In the listing that follows, locate the line containing "REI Kids Gray Hooded Insulated Jacket" and the line containing "Saclerpnt Weihnachtsanzug Herren". Retype exactly those two lines and every line between them, and nothing more.

# SUPPLIED RECORDS
[Start of Attachment]

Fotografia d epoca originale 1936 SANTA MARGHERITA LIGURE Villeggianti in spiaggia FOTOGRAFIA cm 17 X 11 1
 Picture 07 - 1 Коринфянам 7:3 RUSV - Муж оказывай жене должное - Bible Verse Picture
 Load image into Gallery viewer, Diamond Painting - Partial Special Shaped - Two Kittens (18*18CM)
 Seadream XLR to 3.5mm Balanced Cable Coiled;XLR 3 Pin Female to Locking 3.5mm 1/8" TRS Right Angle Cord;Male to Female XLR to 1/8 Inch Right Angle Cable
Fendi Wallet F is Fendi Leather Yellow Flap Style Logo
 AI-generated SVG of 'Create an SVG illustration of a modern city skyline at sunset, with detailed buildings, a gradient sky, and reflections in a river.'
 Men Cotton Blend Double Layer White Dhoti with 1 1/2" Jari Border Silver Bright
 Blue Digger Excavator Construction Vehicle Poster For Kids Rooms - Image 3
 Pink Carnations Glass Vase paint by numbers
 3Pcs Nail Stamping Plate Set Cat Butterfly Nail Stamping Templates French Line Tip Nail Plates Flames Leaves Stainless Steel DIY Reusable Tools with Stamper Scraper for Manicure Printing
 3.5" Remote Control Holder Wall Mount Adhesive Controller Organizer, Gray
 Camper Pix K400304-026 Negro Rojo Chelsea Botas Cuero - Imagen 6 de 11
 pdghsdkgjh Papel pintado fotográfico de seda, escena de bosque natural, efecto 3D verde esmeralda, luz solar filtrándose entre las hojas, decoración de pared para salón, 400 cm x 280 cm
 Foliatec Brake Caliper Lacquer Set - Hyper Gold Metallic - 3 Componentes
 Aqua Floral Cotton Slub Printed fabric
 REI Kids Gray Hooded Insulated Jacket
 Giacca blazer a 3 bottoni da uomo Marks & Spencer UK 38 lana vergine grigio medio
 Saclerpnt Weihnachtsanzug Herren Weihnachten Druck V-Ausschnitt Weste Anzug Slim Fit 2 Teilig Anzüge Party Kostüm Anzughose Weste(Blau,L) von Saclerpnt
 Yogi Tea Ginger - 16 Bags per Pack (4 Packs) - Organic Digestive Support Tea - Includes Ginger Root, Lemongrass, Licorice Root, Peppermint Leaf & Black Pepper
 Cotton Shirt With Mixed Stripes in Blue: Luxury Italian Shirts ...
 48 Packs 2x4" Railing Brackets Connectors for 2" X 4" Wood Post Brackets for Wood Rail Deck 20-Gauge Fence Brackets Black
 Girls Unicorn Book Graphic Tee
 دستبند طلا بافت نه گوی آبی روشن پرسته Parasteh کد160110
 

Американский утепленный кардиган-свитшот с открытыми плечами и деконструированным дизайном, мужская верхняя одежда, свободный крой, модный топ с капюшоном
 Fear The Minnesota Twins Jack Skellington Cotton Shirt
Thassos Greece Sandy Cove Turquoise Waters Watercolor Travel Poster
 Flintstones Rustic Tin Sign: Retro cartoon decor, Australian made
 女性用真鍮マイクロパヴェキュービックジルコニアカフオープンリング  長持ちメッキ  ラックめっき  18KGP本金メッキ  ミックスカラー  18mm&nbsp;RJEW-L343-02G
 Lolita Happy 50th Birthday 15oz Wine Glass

[End of Attachment]

# PROBLEM SOLUTION
 REI Kids Gray Hooded Insulated Jacket
 Giacca blazer a 3 bottoni da uomo Marks & Spencer UK 38 lana vergine grigio medio
 Saclerpnt Weihnachtsanzug Herren Weihnachten Druck V-Ausschnitt Weste Anzug Slim Fit 2 Teilig Anzüge Party Kostüm Anzughose Weste(Blau,L) von Saclerpnt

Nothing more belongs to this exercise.